17 ans de contre réformes :

  • L’offensive de l’Etat et du patronat a commencé en 1993, en plein mois d’août lorsqu’Edouard Balladur et Simone Veil firent voter leur loi contre le système de retraite par répartition du secteur privé. La durée de cotisation passait de 37,5 à 40 annuités. Le calcul du salaire de référence servant au calcul de la retraite s’allongeait des 10 aux 25 meilleures années. Le montant des retraites n’était plus indexé sur les salaires mais sur les prix. Faute de réactions syndicales, en 1994 et 1996, le patronat faisait subir aux retraites complémentaires du secteur privé une régression de même ampleur que celle qui avait été imposée aux retraites de base par la loi Balladur-Veil.
  • En 1995, Juppé commit (du point de vue de la droite) une lourde erreur. Il s’attaqua à la fois aux retraites de la Fonction publique et à celles des régimes spéciaux (SNCF, RATP, EDF-GDF…) Il lui fallut ravaler ses 40 annuités.
  • En 2003, Fillon ne commit pas la même erreur, il s’attaqua uniquement aux salariés de la Fonction publique et jura, la main sur le coeur, que les salariés relevant des régimes spéciaux n’étaient pas concernés par l’allongement de la durée de cotisation. Malgré des millions de manifestants et près de six mois de luttes, le mouvement social fut battu et se vit imposer les 40 annuités de cotisation pour qu’un salarié puisse bénéficier d’une retraite de base à taux plein.

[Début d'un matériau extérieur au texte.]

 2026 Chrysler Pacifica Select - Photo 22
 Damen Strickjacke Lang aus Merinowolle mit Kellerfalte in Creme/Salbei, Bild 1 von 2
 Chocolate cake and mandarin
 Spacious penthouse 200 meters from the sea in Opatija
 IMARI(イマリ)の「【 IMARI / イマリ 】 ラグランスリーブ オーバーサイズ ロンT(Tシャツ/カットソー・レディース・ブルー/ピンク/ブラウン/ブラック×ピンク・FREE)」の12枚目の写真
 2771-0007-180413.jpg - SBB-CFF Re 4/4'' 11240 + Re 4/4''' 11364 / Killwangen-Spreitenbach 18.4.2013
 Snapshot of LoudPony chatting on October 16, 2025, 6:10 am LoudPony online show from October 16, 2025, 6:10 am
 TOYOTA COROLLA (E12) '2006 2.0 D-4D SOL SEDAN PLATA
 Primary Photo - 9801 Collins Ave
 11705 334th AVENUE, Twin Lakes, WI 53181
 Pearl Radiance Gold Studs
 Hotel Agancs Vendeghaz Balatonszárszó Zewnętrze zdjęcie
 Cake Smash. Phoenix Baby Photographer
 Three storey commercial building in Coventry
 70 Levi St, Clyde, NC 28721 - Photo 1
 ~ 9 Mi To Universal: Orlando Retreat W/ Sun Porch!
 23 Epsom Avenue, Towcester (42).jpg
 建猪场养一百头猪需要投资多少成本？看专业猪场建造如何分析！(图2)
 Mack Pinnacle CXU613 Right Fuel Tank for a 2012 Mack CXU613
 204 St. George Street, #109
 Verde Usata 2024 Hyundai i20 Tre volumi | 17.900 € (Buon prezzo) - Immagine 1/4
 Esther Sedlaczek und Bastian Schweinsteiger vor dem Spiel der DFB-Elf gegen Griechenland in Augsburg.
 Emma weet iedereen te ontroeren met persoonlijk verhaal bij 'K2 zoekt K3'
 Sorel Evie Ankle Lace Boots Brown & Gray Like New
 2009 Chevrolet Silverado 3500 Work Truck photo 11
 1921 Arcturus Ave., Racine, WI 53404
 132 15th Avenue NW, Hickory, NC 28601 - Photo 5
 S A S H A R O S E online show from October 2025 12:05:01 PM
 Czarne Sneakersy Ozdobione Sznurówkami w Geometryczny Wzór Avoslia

Cette défaite historique, dont la CFDT n’est pas la seule responsable, les directions bureaucratiques des syndicats y prenant largement leur part, devait inciter le pouvoir à continuer ses attaques :
  • En 2007, le gouvernement remettait cela et imposait les 40 annuités aux salariés des régimes spéciaux. Aujourd’hui, c’est tout le salariat que le patronat et ses alliés comptent attaquer de front ! Ils n’ont pas atteint leur double objectif. Le premier de leurs objectifs est de bloquer le niveau des cotisations retraites là où il se trouve et financer un nombre de retraités qui va doubler entre 2000 et 2040 avec les mêmes ressources ! À l’évidence, à ressources égales, le déficit des régimes de retraites s’accroît. C’est pourquoi le pouvoir met en avant d’autres « solutions », bien évidemment de régression sociale (allongement de la durée de cotisation, remise en cause du départ à 60 ans,…). Le deuxième objectif patronal est de faire reculer suffisamment la retraite par répartition pour faire une place de choix aux fonds de pension et ne plus laisser à un financement socialisé tout un champ d’accumulation qu’il veut voir revenir au capital. La paupérisation des retraités permet ainsi au patronat de faire main basse sur le magot en proposant ses « solutions » c’est-à-dire en forçant les salariés à se tourner vers une épargne individuelle en achetant des actions pour compléter leur pension. C’est ainsi que, suite au dernier recul de 2003, furent créés dès 2004 les PERP, fonds de pension à la française. Ce champ d’accumulation particulièrement juteux pour le capital n’offre en revanche aucune garantie pour les salariés. Ce système, inégalitaire dans son principe même puisque l’on épargne en fonction de ses moyens, est profondément risqué. Au Royaume-Uni, les adhérents d’un fonds de pension ne retrouvent que 50 % des sommes qu’ils ont versées sur leurs fonds. Les 50 % restants s’étant évanoui en frais de gestion divers et en dividendes pour les actionnaires ! De même ceux d’ENRON, qui ont tout perdu du jour au lendemain peuvent témoigner de la sécurité sur l’avenir que cela donne ! C’est oublier aussi que le système par répartition a été mis en place après-guerre suite à l’échec du système par capitalisation viagère pendant la crise de 1929.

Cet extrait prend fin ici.